To suppress TRPM4 expression in the hyperacute stage of stroke, TRPM4 siRNA was delivered at the start of the operation in this study. Ideally, TRPM4 blockers should be administered before recanalization. TRPM4 blocker 9-phenanthrol is a metabolized product of highly toxic polycyclic aromatic hydrocarbon (PAH) phenanthrene and thus is unlikely to be used in clinical practice as it has the potential to be concentrated in tissues [
19]. Currently, sulfonylureas such as glibenclamide have been shown to be promising TRPM4 blockers. TRPM4 has been reported to form a channel complex with sulfonylurea receptor-1 (SUR1), an auxiliary subunit of K
ATP channel [
15], and SUR1 blocker sulfonylureas have been used to treat brain diseases such as stroke [
20]. However, there is controversy regarding the regulatory role of SUR1 on TRPM4 and the effect of sulfonylureas in stroke treatment [
21‐
24]. A recent review has summarized the preclinical findings on glibenclamide for the treatment of stroke in various stroke models [
25]. In clinical practice, SUR1 blocker sulfonylureas are widely used to manage diabetes mellitus. Multiple studies on stroke patients with or without diabetes mellitus revealed that use of sulfonylureas before or after stroke onset could reduce hemorrhage transformation, attenuate cerebral edema, and improve neurological outcome [
20,
22]. In contrast, some studies on diabetic patients with stroke showed that application of sulfonylureas achieved no better outcome than other anti-diabetic treatments [
26,
27]. Such controversies may arise from differences in patient inclusion criteria, dose of sulfonylureas, or the severity of diabetes mellitus.

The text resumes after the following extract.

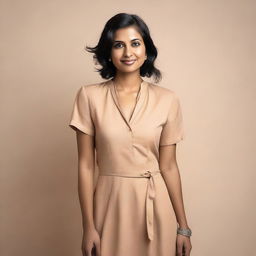 A 35-year-old Indian woman wearing a stylish western one-piece dress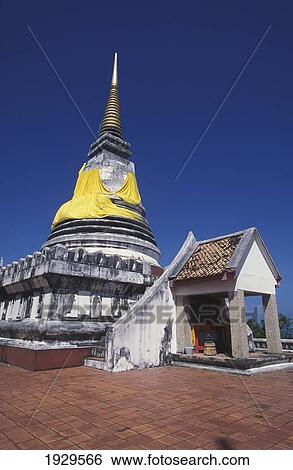 Stock Photograph - Unknown Chedi close to the Mekong River in northern Thailand.. Fotosearch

Interestingly, a recent study showed that application of sulfonylurea glimepiride achieved neuroprotection against stroke only in normal mice but not in type 2 diabetic mice [
28], suggesting that the presence of diabetes mellitus could be a confounding factor for the use of sulfonylureas to manage stroke. To avoid the effect of sulfonylureas on diabetes mellitus, antagonists that act directly on TRPM4 channel is another good option.
Ischemia reperfusion injury is a major confounding factor for reperfusion therapy in stroke. Delayed reperfusion induces cerebral edema and hemorrhagic transformation, in part via disruption of the BBB. This study provides robust evidence in support of using TRPM4 blockers to ameliorate reperfusion injury. Mitigating edema formation will surely improve stroke outcome in patients receiving reperfusion therapy. Next critical experiment is to examine whether TRPM4 inhibition could extend current reperfusion time window, which is limited by the severe reperfusion injury during delayed recanalization. As TRPM4 inhibition can protect vasculature and improve BBB integrity following stroke reperfusion, TRPM4 blockers may potentially extend current time window for reperfusion therapy when applied in together with tPA or other recanalization treatments, thereby offering great therapeutic management for stroke patients who arrive at hospitals late.